Each share in Shamir-type secret-sharing schemes has two parts: the share value $f(x_i)$ which is the value taken on by a certain polynomial $f(\cdot)$, and the share "location" $x_i$. The "dealer" who constructs the shares and hands them out to individual shareholders is assumed to have handed out $(x_i, f(x_i))$ to the $i$-th share holder. In this scenario, any $k$ (or more) shareholders in a $(k,n)$ scheme can get together and reconstruct the secret, and fewer than $k$ shareholders cannot reconstruct the secret.
If the dealer hands out only $f(x_i)$ to the $i$-th share holder and merely makes a note in his records that the $i$-th share holder's share location is $x_i$, then only the dealer can reconstruct the secret when $k$ or more shareholders make an application to the dealer; the $k$ shareholders cannot reconstruct the secret by themselves because while they all know their share values, they do not know the location of those shares. This scheme is, of course, fraught with danger in case the dealer's list is lost or is corrupted in various ways: the secret might be irretrievably lost.
See also this answer for how enemies can attack a Shamir-type secret sharing scheme by tampering with share values and by tampering with share locations, and how to get around such problems.
Sure the dealer can do that. The real question is, what kind of security does it provide? If the attacker can verify when he has found the right $x$ values, then at best the security of the scheme is computational in the size of the underlying finite field. If the attacker cannot verify when he has found the right $x$ values, the security may be information theoretic. Prior work (Security Limitations of Using Secret Sharing for Data Outsourcing by Dautrich and Ravishankar) has found that for $k$-out-of-$n$ (where $k<n$), if the attacker can gather $k+2$ shares, even without knowing the $x$ values, the attacker is able to recover the secret. It is unclear exactly how this applies when $k=n$, though it at least makes one feel uncomfortable.
Fear not, however, there is a better way to do it that has been well studied. You never specify how many of the recipients must work with the dealer to recover the secret. In other words, do all the recipients have to send their shares back or only some fraction? I'll assume it is some threshold $t$ (which could be all of them).

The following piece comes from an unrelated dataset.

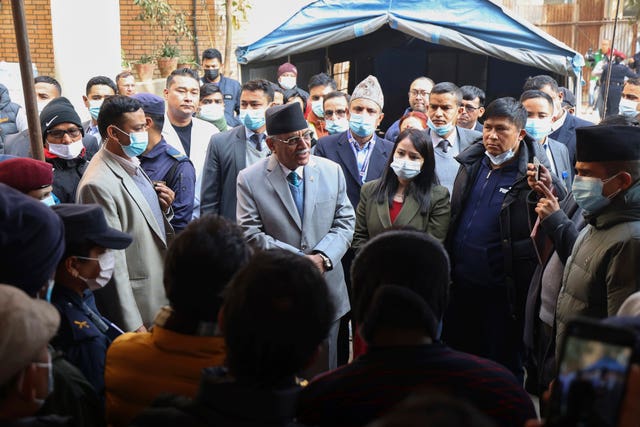 Prime Minister Pushpa Kamal Dahal Prachanda, centre, speaks to officials during his visit to Teaching Hospital in Kathmandu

The answer is to do 2 layers of secret sharing. The dealer begins by using xor-sharing to split the secret into two shares. This is done by picking a random value $r_1$ and setting $r_2=r_1\oplus s$ (where $s$ is the original secret to be shared). The dealer keeps $r_1$. Then shares $r_2$ with the other people using standard t-out-of-n Shamir Secret Sharing (or if $t==n$, you can again use xor-secret sharing).